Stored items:
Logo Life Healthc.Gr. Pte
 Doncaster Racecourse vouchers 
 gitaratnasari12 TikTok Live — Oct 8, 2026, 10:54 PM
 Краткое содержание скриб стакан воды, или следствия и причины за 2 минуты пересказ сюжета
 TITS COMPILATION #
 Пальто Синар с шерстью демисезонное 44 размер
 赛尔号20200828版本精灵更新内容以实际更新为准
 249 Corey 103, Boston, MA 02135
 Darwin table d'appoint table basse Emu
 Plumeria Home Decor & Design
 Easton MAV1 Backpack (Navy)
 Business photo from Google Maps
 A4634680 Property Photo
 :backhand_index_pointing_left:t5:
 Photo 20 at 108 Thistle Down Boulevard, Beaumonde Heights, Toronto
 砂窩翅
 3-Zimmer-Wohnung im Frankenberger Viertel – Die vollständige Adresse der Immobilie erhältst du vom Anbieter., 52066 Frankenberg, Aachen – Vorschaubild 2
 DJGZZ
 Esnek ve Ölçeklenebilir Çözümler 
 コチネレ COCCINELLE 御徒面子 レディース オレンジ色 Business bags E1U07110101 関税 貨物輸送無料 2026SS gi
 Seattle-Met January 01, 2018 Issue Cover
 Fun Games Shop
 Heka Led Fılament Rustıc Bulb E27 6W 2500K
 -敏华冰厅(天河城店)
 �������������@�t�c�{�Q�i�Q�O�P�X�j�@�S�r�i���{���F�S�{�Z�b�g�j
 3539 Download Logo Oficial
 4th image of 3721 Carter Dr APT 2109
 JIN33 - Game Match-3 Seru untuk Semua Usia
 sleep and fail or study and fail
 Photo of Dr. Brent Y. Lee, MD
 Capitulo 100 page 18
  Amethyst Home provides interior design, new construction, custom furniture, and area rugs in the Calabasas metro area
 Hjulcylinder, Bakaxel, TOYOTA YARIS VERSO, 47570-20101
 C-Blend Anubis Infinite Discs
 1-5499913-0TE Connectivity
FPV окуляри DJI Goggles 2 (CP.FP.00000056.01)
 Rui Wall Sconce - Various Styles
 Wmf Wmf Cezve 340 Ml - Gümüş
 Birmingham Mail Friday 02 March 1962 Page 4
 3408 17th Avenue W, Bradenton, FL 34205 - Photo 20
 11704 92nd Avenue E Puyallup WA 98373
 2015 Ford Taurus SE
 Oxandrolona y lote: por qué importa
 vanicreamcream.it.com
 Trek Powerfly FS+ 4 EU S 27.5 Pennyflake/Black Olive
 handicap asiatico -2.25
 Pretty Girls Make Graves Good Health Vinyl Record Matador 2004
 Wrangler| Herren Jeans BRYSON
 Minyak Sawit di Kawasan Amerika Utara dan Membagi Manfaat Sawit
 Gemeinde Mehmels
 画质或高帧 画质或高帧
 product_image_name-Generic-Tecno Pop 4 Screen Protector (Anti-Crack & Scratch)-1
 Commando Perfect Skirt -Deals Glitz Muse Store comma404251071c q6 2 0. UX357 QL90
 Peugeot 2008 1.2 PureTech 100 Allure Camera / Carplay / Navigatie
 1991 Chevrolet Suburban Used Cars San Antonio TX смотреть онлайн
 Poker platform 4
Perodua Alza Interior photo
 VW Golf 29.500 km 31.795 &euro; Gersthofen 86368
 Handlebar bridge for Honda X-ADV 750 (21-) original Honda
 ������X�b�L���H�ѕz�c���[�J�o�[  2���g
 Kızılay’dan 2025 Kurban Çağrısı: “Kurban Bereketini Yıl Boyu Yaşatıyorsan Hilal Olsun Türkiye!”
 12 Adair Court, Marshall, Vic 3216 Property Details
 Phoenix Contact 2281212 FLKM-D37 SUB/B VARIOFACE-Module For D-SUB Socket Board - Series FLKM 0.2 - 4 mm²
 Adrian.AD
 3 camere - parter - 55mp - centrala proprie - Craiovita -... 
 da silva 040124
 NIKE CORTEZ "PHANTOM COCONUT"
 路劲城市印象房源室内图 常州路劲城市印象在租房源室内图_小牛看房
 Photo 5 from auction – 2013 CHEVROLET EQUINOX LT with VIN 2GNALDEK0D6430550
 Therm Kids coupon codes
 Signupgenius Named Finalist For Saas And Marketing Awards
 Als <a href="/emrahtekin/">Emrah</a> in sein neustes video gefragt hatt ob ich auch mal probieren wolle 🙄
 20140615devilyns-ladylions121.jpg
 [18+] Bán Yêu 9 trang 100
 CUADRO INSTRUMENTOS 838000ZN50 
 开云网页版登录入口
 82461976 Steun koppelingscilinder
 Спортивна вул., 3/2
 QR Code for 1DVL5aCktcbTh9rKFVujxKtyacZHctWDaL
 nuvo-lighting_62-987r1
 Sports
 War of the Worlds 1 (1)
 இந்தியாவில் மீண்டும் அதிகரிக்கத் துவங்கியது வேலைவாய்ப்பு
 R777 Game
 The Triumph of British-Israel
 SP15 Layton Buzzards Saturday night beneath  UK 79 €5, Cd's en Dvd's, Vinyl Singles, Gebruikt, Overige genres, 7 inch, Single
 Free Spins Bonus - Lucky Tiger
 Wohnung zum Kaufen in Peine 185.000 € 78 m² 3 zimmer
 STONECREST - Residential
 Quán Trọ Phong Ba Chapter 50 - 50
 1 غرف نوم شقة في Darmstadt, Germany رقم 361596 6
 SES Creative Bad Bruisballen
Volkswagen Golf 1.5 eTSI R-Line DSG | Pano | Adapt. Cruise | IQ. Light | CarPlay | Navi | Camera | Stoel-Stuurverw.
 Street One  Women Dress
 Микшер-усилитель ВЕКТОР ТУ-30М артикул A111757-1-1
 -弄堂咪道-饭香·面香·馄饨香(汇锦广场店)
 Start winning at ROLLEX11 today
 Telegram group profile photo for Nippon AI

TASK ITEM: All lines in the records that contain "Business" are to be copied and returned.

WORKED SOLUTION:
 Business photo from Google Maps
 コチネレ COCCINELLE 御徒面子 レディース オレンジ色 Business bags E1U07110101 関税 貨物輸送無料 2026SS gi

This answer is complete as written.